In the morning Eddie was still asleep when Frank got out of bed. The bedcovers had slipped down to Eddie’s waist, and for a few moments Frank stood watching the rise and fall of Eddie’s chest as he slept. Then he took a quick shower and began to get dressed. He had a long drive ahead of him back to New Jersey. He was seated on the edge of the bed, putting on his shoes, when he felt Eddie take him by the arm. Frank turned and smiled at him. “Good morning.”
Eddie was propped up on one elbow. “You leaving?” he asked.
Frank grimaced. “Long drive back to Vineland,” he said.
“Please don’t go.”
Frank looked at his watch. “Check-out’s not till eleven. I guess I could stay a little longer.”
“That’s not what I mean.”
Frank looked at him closely.
Eddie’s voice sounded husky. “Please stay, Frankie. Don’t go back to Jersey. Stay. Here. With me. Please?”
“What?” Frank stared.
“Stay here. In Montreal. With me. Please?”
Frank turned away.
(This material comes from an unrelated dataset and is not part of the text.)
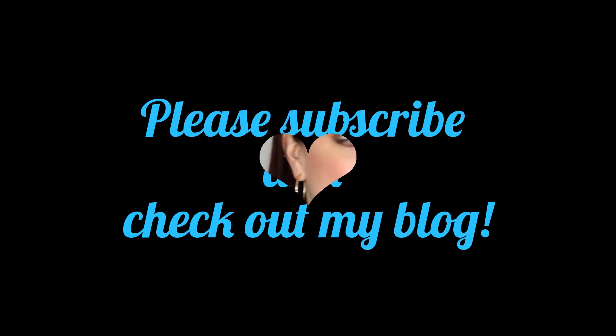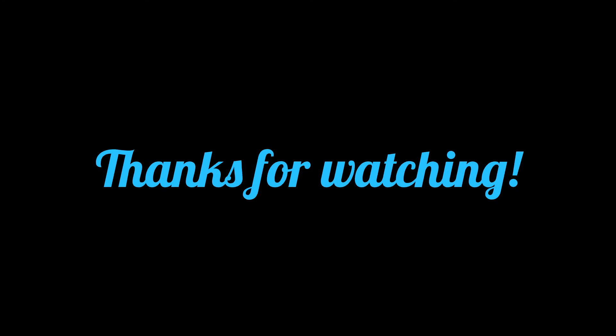That was my whole haul video. I hope you guys enjoyed watching what I got. If anything interests you in particular, post it down below and I'll do a review on it. If you have any questions, comments, or concerns, post them in the comments box below. Thanks for watching guys, bye!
His shoulders slumped. He bowed his head. He had a life in Jersey, he told himself. But then he asked himself, What kind of life? A job he was burned out on? A cramped house trailer for a home? Joann gone to Florida? No close family? No close friends? What kind of life was that? And now here was Eddie Wilson, the love of his life, asking him not to go back to New Jersey, asking him to stay.
Eddie sat up, still holding Frank by the arm. Frank turned to look at him. “Frankie, the dumbest thing I ever did was cut you out of my life for twenty years,” Eddie said. “Serve me right if you went back to Jersey and didn’t ever wanna see me again, but please don’t go. I need you. I didn’t know it back them, but I know it now. I love you. Please stay?”
For a long time Frank said nothing as he looked deeply into Eddie’s eyes. Those eyes were just as hypnotic as they had been twenty years ago, but Frank wasn’t hypnotized. He knew exactly what he was doing. “I love you, Eddie Wilson,” he murmured. He pulled Eddie close and kissed him for a very long time.
Frank Ridgeway did not go back to New Jersey.
Baby we belong together,
If I had you by my side,
Meet me out tonight on the open road.
Those days are gone forever,
Time to kiss the past good-bye,
Meet me out tonight on the open road.